— What this task involves —
Below are some records. Return exactly their lines from the one containing "Free School Teacher" through the one containing "Location of Roosevelt", and drop the pictures.

— Exercise data —
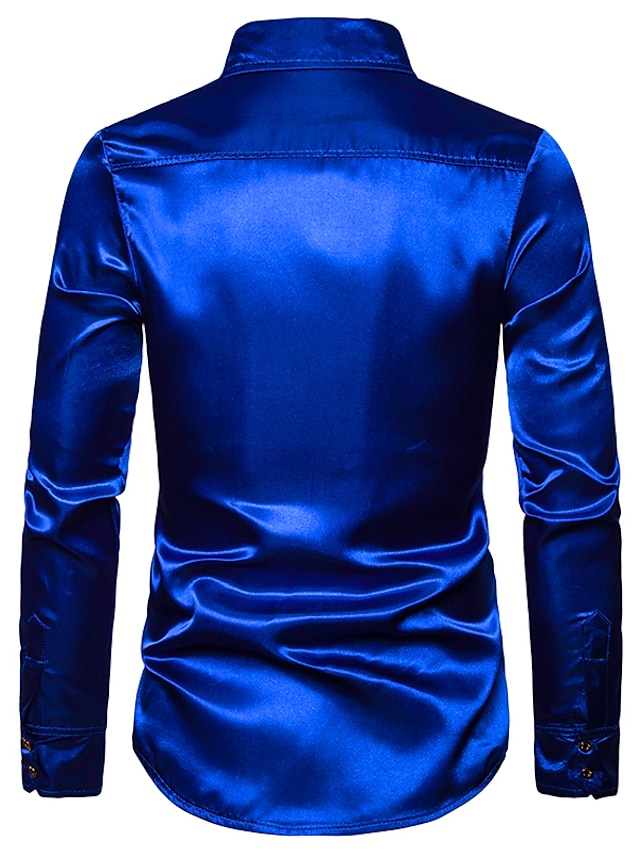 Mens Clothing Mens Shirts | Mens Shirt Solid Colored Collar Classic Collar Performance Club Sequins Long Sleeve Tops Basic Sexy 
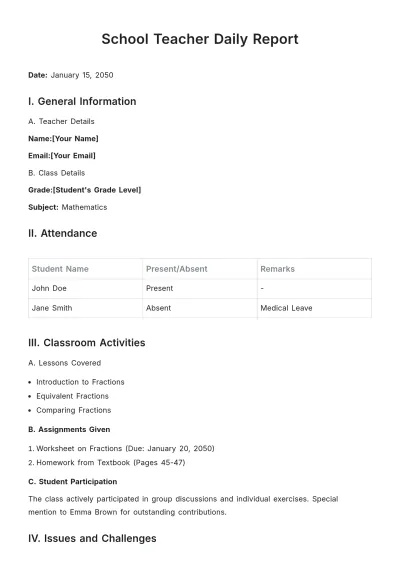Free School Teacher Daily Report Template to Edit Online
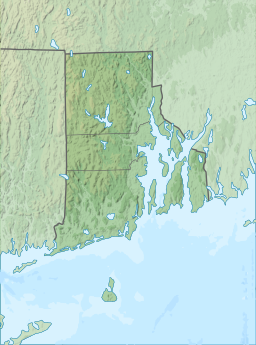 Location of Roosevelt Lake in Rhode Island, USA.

* * *

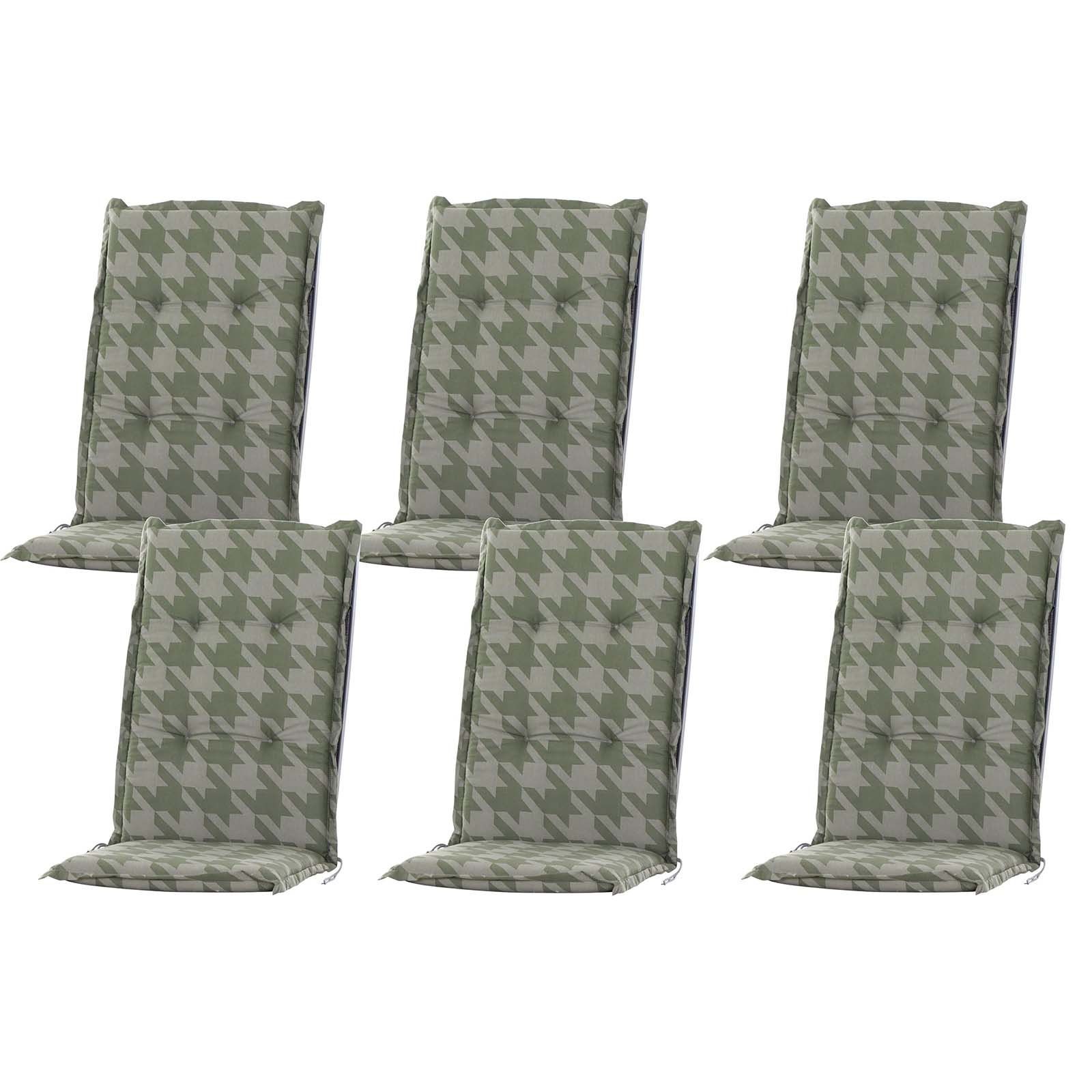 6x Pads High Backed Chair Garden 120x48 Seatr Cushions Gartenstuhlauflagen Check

— Answer to this task —
Free School Teacher Daily Report Template to Edit Online
 Location of Roosevelt Lake in Rhode Island, USA.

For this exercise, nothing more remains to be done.